Was such grant made to the Defendant by the then Deputy Minister at the instance of Tu'uhetoka Sakti The Plaintiff has shown that he is the Tu'uhetoka, and as such in entitled to the lands included in the Tofi'a of Ha'afeva. Consequently, since the land was originally in the possession of the present Tu'uhetoka, or his forebears the onus of proof rests with the Defendant to show that he obtained legal title to the land in dispute.

To support his claim there is only his own word, supported to a negative extent by the evidence of Ulaiasi Taukapo'ochau, who remembers a fono at which Tu'ubetoka Saletili stated that town allotments near the boundary should be deemed to come right up to the town fence. But Ulaiasi cannot remember any grant to Defendant, but presumed he acquired the land through one Hea who acquired the right through marriage with the daughter of Noa, the original occupier This evidence is insufficient to sustain the Defendant's claim.

With regard to the actual registration of the allotment in the name of the Defendant in 1937, Plaintiff denies that his consent was obtained to the grant, or that he was consulted in the matter and this denial has not been rebutted by Defendant. Such grant is accordingly void. (Proviso to S.8 of Chapter 27 of the Law of Tonga 1928).

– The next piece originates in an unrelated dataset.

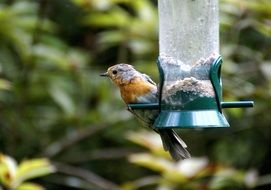 little bird with colorful plumage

The Court finds as follows:

(a) That the land in dispute, Makave is in the Tofi'a of Ha'afeva of which Tofi'a Plaintiff is the Holder;
(b) That prior to 1937 the Defendant squatted on Makave by consent of the Tofi'a Holder, but did not acquire legal title thereto, either by grant or inheritance;
(c) That on 23rd July, 1937 Defendant was granted the town allotment in dispute, Makave, by the Deputy Minister of Lands but such grant was void since the Tofi'a Holder was not consulted, nor his consent obtained;
(d) That Makave remains the property of the Tofi'a Holder, at present the Plaintiff.

Judgment for Plaintiff with costs.

EDITOR'S NOTE: The Defendant appealed. On the 22nd March, 1940, the Privy Council (Carew C.J.) upheld the appeal on the ground that the action was not commenced within the statutory ten years. No other red sons were given.